Great. That's helpful. And then maybe just one for Bryan. How should we think about the impact on expenses of winding down the 1275 program here?

They are very minimal. It was a very limited study that we did. And really, I think, as Faheem aptly said in the beginning, it's really the avoidance of more expensive Phase II studies, which is where they're going to allow us to focus on delivering 002 and 004 in the time frame we talked about and if we are successful to have a robust balance sheet to enable strategic optionality for both those programs.

(Operator Instructions) Your next question will come from [David Wong].

This is Tom for David. Just to get a sense of which trial will have the top line data first, TORREY or SHIFT-UC the next year? And do you know if the Phase II trial, 002 or 004, I mean both -- if both like read out in a positive way, do you plan to advance both simultaneous into Phase III? Just to get a sense of the plan going forward?

Yes. At this point, we're not providing that guidance in terms of which program will read out first. We'll -- again, I'll just reiterate. We continue to stick with our guidance of both programs to read out first half 2022. We may give a little bit more specificity down the road. But at this point, we -- that's kind of how we'll be describing things.

As it relates to the scenario around 2 positive readouts on the Phase IIs, we will be progressing both of those programs to the next stage of development and really trying not to miss a beat and trying to minimize any time gaps between the top line readout of the Phase II and an initiation of our registrational studies.

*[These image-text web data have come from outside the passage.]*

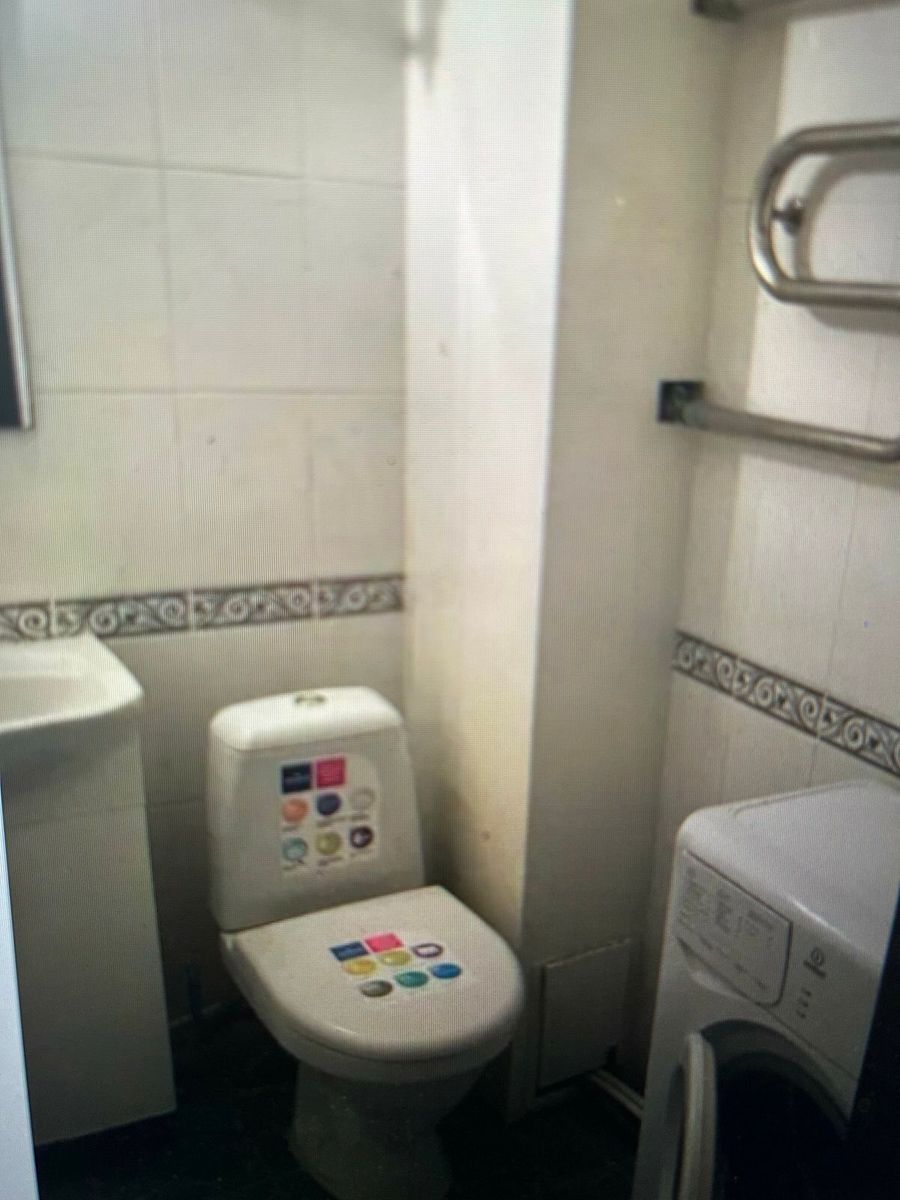 1838109289667618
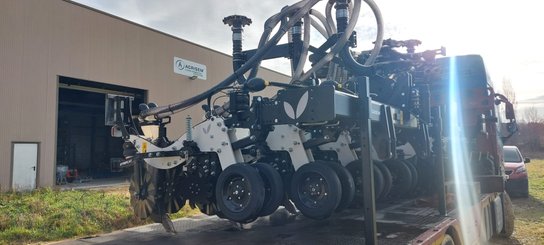 Semoir pour semis simplifié Agrisem Strip-Cat II porté Fixe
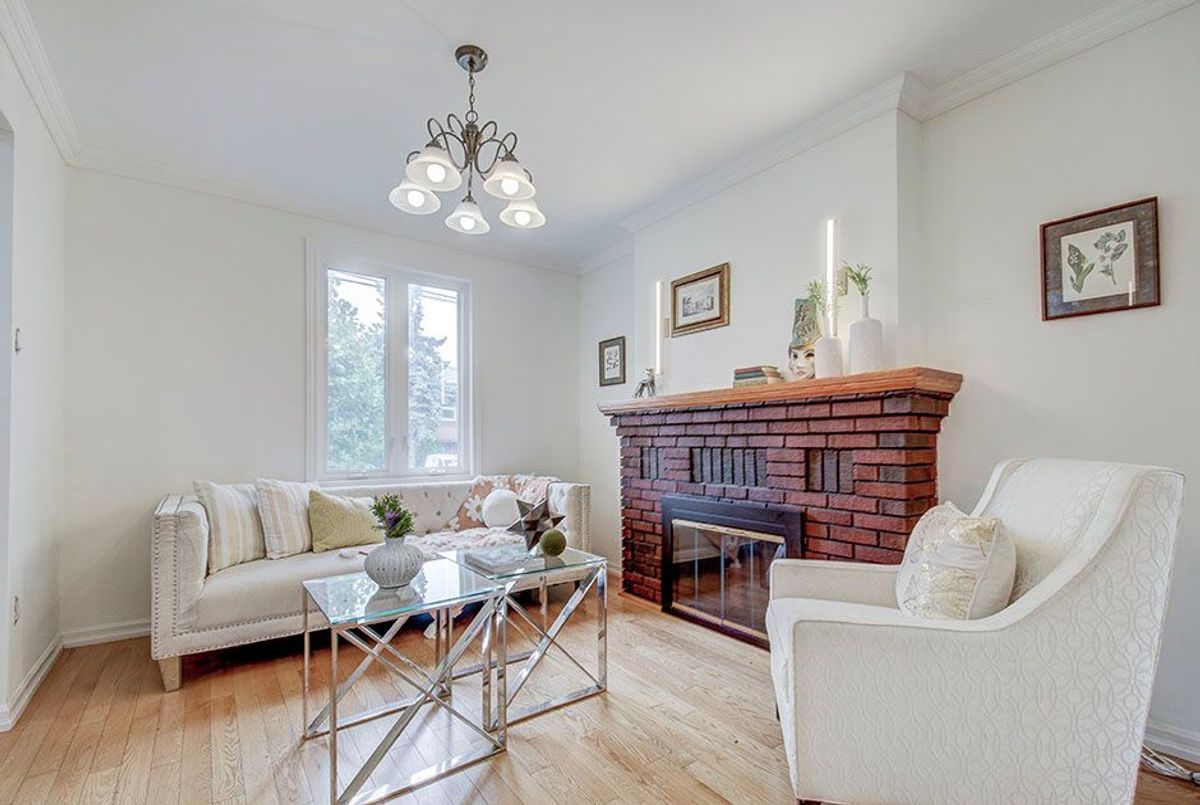 29 Roseland Drive 29 Roseland Drive Toronto W06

And that concludes our question-and-answer session. I would now like to turn the call over to Faheem Hasnain for closing remarks.

Yes, thank you very much. And I appreciate the questions, I appreciate all of you spending time with us today. We are excited about our programs and looking forward to next year's readouts.

I would just like to thank the Gossamer team for incredible efforts, continued incredible efforts, working through extraordinary times, extraordinary circumstances through what has been arguably a challenging year for everybody in the context of the pandemic. But this is a company that has an incredibly dedicated group of professionals, and that gets defined every single day as we make our progress on these studies, as we make progress on the enrollment and look forward to making a tremendous difference for patients.

So thank you, everybody. Thank you very much for spending time with us today, and thanks for your questions.

And that concludes our conference call. Thank you for participating. You may now disconnect.